From mboxrd@z Thu Jan  1 00:00:00 1970
From: Jeff Woods <kazrak+kernel@cesmail.net>
Subject: Re: Question about checksums
Date: Thu, 21 Aug 2003 10:28:46 -0700
Sender: linux-c-programming-owner@vger.kernel.org
Message-ID: <5.2.1.1.0.20030821100717.032dfb30@no.incoming.mail>
References: <20030821132005.GA8614@lsd.di.uminho.pt>
 <Pine.LNX.4.44.0308211617560.6771-100000@praktifix.dwd.de>
Mime-Version: 1.0
Return-path: <linux-c-programming-owner@vger.kernel.org>
In-Reply-To: <Pine.LNX.4.44.0308211617560.6771-100000@praktifix.dwd.de>
References: <20030821132005.GA8614@lsd.di.uminho.pt>
List-Id: <linux-c-programming.vger.kernel.org>
Content-Type: text/plain; charset="us-ascii"; format="flowed"
Content-Transfer-Encoding: 7bit
To: Holger Kiehl <Holger.Kiehl@dwd.de>
Cc: Luciano Miguel Ferreira Rocha <luciano@lsd.di.uminho.pt>, linux-c-programming@vger.kernel.org

At +0000 04:36 PM 8/21/2003, Holger Kiehl wrote:
>On Thu, 21 Aug 2003, Luciano Miguel Ferreira Rocha wrote:
>>On Thu, Aug 21, 2003 at 12:48:05PM +0000, Holger Kiehl wrote:
[snip]
>>>I think md5sum could do the job but, think it is a bit of an overkill to 
>>>generate a 128 Bit checksum for such small input data. Also storing such 
>>>huge numbers is a bit of a pain. Would a 32 or 64 Bit checksum 
>>>sufficient, or would I be running into problems when these are to short?
>>
>>CRC-32 is normally sufficient. It's designed for data corruption on 
>>transmission, though, but it should be OK as long as you don't expect 
>>people to try and break your code with equal checksums.
>
>I am not trying to make anything more secure.

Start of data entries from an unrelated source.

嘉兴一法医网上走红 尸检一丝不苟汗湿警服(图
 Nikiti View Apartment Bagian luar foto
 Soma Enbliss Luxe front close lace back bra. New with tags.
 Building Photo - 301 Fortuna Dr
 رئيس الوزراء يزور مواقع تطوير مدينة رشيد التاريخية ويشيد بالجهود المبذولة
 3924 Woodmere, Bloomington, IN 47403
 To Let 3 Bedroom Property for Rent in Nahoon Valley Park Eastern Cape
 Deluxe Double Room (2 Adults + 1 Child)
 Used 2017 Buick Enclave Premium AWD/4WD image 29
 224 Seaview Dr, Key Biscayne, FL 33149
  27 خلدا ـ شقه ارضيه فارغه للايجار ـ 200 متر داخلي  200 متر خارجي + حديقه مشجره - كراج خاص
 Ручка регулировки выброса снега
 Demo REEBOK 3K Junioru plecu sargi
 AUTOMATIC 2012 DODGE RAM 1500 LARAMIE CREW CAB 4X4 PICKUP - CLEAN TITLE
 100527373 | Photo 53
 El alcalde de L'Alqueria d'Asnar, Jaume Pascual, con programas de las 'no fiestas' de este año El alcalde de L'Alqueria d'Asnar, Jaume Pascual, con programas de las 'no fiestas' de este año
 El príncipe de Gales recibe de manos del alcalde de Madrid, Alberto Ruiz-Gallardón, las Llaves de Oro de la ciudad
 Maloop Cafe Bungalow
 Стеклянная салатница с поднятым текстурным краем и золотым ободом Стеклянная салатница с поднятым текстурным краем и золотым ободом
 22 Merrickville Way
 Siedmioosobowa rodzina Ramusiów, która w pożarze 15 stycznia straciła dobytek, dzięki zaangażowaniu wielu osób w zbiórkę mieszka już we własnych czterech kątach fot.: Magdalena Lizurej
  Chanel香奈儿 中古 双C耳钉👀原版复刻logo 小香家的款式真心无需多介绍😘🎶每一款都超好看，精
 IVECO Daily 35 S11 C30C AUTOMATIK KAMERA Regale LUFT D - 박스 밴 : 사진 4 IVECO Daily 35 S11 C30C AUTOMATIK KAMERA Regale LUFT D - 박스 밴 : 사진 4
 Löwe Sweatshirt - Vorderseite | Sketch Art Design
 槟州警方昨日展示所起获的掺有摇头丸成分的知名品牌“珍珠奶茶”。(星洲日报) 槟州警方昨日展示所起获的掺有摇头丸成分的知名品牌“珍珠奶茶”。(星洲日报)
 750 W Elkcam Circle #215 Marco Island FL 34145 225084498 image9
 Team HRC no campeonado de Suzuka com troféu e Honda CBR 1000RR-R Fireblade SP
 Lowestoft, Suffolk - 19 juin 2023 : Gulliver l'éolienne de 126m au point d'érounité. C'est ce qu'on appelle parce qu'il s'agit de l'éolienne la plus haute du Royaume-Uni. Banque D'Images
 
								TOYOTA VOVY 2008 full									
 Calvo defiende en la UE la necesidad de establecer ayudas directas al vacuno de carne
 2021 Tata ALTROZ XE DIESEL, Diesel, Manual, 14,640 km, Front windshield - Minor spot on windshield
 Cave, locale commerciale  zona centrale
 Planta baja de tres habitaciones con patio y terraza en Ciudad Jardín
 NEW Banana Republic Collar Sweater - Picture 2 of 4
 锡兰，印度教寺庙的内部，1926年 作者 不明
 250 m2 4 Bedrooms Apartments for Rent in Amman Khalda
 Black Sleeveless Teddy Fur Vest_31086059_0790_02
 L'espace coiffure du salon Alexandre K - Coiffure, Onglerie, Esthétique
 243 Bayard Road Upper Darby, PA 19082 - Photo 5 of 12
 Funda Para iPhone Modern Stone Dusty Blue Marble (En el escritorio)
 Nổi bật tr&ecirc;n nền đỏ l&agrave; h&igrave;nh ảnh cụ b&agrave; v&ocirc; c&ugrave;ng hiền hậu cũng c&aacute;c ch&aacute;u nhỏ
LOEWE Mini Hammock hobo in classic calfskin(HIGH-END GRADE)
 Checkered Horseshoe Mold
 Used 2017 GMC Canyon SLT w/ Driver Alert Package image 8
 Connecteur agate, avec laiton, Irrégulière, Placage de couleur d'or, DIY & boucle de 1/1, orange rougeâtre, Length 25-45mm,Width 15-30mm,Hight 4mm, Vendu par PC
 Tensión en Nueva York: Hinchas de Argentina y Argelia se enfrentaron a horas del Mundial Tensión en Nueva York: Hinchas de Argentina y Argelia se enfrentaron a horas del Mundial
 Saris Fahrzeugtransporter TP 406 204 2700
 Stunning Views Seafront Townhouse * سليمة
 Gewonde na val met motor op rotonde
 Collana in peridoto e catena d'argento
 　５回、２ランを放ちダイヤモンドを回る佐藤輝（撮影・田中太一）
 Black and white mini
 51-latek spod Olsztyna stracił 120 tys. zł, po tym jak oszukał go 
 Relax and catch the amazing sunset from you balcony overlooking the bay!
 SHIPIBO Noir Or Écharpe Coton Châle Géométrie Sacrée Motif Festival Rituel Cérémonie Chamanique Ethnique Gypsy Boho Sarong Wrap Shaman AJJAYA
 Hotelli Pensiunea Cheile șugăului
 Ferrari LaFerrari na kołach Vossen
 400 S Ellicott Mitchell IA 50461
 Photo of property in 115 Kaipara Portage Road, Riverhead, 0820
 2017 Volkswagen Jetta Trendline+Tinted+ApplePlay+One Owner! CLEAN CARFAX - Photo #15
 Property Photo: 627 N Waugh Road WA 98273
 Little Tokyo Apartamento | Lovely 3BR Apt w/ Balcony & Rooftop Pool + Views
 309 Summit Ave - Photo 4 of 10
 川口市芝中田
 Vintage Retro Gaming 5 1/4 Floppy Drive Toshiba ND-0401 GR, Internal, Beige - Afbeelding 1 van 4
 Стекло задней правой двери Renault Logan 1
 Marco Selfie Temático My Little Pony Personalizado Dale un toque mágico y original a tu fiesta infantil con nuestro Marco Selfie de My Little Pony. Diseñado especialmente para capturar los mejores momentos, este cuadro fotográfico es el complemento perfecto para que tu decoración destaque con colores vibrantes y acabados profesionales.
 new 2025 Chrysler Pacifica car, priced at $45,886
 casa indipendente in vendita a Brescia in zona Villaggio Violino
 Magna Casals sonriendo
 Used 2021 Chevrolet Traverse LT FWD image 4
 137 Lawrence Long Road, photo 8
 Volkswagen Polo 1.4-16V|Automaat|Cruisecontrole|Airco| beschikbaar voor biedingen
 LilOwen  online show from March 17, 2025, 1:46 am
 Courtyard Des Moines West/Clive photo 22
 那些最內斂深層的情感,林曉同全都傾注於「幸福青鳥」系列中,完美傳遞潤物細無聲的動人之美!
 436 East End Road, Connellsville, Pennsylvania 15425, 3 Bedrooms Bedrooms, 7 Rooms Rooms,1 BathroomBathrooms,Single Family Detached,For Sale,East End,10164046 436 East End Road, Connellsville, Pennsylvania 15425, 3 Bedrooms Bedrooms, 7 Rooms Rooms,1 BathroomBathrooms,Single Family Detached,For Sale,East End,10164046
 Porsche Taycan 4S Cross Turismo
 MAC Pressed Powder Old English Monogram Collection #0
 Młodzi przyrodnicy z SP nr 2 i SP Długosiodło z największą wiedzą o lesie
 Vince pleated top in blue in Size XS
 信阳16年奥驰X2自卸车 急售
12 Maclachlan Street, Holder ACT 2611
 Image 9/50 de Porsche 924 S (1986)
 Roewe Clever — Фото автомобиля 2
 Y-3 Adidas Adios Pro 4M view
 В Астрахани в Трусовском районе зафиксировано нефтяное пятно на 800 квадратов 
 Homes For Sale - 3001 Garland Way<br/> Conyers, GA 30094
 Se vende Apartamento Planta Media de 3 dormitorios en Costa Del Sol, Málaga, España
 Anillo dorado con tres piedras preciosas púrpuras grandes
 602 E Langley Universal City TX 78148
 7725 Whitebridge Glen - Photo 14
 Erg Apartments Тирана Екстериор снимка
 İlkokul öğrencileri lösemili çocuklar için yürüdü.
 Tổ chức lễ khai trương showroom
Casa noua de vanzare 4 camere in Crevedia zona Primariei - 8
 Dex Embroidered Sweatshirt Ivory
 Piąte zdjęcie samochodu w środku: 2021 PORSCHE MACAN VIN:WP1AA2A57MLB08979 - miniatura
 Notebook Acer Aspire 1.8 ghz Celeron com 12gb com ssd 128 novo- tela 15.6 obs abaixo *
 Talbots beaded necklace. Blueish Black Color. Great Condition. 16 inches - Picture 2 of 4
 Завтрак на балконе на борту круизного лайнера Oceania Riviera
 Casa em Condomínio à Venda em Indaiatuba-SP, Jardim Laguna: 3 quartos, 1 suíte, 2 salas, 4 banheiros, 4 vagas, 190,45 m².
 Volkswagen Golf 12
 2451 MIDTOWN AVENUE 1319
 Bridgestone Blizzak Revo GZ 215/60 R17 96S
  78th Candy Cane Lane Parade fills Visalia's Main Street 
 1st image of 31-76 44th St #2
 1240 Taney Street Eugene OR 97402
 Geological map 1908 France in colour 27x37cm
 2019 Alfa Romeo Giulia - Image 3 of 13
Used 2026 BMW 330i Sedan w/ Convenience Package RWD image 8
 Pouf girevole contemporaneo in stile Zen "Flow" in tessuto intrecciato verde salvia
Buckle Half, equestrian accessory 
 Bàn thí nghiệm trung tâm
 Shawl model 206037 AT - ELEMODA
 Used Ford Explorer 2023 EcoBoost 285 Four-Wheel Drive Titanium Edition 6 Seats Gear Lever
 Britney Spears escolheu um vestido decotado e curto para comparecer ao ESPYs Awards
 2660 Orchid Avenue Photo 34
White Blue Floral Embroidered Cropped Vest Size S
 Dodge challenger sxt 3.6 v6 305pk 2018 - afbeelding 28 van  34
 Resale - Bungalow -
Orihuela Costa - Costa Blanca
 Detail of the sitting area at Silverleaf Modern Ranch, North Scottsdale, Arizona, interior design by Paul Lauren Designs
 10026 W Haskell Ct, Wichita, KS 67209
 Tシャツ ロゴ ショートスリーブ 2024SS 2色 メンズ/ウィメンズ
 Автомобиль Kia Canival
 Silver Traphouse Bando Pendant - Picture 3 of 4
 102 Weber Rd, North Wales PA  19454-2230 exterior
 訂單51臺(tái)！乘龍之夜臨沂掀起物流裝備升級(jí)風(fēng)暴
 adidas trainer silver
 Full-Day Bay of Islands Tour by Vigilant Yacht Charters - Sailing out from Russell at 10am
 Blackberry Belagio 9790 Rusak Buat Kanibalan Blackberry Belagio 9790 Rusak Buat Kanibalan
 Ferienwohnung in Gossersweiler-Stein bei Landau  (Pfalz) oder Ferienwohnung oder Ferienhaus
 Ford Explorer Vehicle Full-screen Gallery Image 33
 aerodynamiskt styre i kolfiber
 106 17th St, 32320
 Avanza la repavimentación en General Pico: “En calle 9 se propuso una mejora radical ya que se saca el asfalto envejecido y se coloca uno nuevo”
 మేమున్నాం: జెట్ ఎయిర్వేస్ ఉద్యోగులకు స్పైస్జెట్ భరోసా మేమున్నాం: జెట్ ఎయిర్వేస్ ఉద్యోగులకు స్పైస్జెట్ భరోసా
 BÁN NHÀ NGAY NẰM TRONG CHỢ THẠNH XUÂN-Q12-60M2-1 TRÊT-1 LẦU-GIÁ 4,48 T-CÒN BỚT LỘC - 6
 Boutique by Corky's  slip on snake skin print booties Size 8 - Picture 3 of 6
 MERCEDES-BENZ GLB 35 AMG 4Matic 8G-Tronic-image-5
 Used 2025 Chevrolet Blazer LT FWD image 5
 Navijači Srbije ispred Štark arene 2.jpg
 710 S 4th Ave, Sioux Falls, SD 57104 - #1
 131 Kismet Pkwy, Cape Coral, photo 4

Will a CRC-32 be sufficient 
>to always generate a different sum if a single bit changes within the 
>maximum 5120 Bytes?

In general, X bits of storage can take on 2^X distinct values.  So CRC-32 
can take a maximum of  approximately four billion possible values.  That's 
a number with three commas in US notation; I suppose that's twelve periods 
or spaces on your side of the pond.  A 128 bit value can store 
approximately 64 trillion trillion trillion distinct values. That's a 
number with *twelve* commas.  And a 5120 byte file has 40960 bits so it can 
have roughly 1*10^4096 distinct values.  There will always be the 
possibility for duplicate values when you take a checksum on arbitrary data 
longer then the checksum length.

You have to make a tradeoff of how much risk you're willing to accept for a 
duplicate based on how that would affect you.  A 32 bit checksum has a 
*minimum* of one in 4 billion chance of two files sharing the same 
checksum.  For most non-security applications, that's ample.  The same 
possibility exists with 128 bit md5 checksums (or any other hash) but the 
larger the checksum the less often you'll get duplicate checksums for 
different data (assuming comparable quality hash algorithms).

One way to make such use of checksums fail-safe is to use the checksum as 
proof that files are different but not as proof they are the same.  When 
the checksum matches you don't really know the files are the same unless 
their contents are actually the same and once every four billion times you 
probably can afford to go check if it's really critical to know for certain.

--
Jeff Woods <kazrak+kernel@cesmail.net>